### EXERCISE PROMPT
The expected output is the set of lines below beginning at the one that contains "BEURRE cru demi" and ending at the final line, reproduced exactly.
:: EXTRACTED ENTRIES ::
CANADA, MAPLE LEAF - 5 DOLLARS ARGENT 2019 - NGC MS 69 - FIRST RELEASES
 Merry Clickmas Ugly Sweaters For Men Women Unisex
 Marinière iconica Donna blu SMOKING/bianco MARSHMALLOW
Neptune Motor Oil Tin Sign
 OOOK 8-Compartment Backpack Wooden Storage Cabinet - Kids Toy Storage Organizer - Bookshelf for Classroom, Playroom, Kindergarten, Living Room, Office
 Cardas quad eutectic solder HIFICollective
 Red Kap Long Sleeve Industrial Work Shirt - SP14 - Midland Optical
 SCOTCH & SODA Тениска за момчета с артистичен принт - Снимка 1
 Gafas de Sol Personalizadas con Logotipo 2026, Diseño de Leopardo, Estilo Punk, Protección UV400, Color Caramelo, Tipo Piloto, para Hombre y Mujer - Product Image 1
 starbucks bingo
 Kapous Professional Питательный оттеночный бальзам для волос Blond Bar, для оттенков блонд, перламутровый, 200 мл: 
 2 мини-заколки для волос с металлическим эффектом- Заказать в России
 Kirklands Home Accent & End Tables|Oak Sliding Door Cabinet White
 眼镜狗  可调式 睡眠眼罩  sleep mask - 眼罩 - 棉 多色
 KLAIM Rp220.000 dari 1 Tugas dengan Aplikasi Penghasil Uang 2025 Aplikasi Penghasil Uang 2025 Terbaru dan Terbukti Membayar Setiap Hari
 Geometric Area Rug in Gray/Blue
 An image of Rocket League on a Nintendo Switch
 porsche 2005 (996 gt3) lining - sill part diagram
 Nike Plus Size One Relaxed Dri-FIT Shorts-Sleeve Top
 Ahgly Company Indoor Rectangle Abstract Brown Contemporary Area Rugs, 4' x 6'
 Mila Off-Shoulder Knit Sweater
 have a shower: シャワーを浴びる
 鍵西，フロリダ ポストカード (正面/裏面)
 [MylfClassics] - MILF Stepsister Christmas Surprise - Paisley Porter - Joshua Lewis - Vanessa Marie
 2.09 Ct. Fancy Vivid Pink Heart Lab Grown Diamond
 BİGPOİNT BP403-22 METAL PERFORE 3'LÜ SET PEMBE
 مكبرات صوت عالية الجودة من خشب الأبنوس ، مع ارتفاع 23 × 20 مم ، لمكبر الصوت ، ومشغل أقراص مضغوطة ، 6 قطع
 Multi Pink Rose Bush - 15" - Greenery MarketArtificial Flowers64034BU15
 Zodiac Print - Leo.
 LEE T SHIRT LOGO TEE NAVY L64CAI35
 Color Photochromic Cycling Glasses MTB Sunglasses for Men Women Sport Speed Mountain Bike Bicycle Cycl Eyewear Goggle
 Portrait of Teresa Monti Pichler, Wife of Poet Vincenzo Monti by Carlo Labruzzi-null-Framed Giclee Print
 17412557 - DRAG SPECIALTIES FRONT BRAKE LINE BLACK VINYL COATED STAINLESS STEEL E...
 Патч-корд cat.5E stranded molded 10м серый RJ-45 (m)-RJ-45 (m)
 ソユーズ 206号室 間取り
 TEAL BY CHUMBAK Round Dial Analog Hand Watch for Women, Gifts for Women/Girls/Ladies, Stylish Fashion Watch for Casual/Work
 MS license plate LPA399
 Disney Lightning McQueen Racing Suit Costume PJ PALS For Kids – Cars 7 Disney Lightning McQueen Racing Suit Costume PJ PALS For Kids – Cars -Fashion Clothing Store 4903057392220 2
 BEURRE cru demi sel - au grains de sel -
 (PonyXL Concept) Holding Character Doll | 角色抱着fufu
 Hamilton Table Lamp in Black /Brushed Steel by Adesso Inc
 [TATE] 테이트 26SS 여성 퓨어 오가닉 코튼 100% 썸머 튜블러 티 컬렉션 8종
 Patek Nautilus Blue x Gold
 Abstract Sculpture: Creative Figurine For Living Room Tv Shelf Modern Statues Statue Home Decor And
:::
### WRITTEN ANSWER
 BEURRE cru demi sel - au grains de sel -
 (PonyXL Concept) Holding Character Doll | 角色抱着fufu
 Hamilton Table Lamp in Black /Brushed Steel by Adesso Inc
 [TATE] 테이트 26SS 여성 퓨어 오가닉 코튼 100% 썸머 튜블러 티 컬렉션 8종
 Patek Nautilus Blue x Gold
 Abstract Sculpture: Creative Figurine For Living Room Tv Shelf Modern Statues Statue Home Decor And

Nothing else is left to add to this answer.